I stood in the museum queue patiently listening to people complain about social distancing. ‘There has to be some give somewhere’ I thought. The give was waiting for me in the second hall – Monet’s Waterlillies. That’s when I lost it. I immediately broke into tears at its sheer beauty. It clutched my soul to its core instantly relieving me of all the turmoil I’d been harbouring as I found my truth. Out came the grief for my first in command whose father had succumbed to the virus the day before. Tears of joy welled in my tired eyes as I reflected on how we human beings are able to make the deepest of connections even during a simple cab ride. And lastly, tears flowed because all of those accidents really hurt! Not just physically but my ego had been bruised. Is there anything worst than a bruised ego?

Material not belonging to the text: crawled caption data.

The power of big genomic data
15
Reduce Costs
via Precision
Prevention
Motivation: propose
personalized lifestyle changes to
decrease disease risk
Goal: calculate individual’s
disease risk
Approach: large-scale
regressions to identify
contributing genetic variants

Day 15 – Saturday: After a rough week buoying staff morale and dealing with my own personal grief – I learned that one of my favourite aunts is in palliative care – I’m finally on ‘vacation’. I’m in my ‘homeland’ sitting on the verandah of a 100 year old country house. As I soak up the sunshine I shake my head and grin. I sense both the calm and the struggle of those who lived here before and they are grinning too. It is all clear to me now. Life is just a Monty Python skit. Best to accept it and move on – but get to the museum first!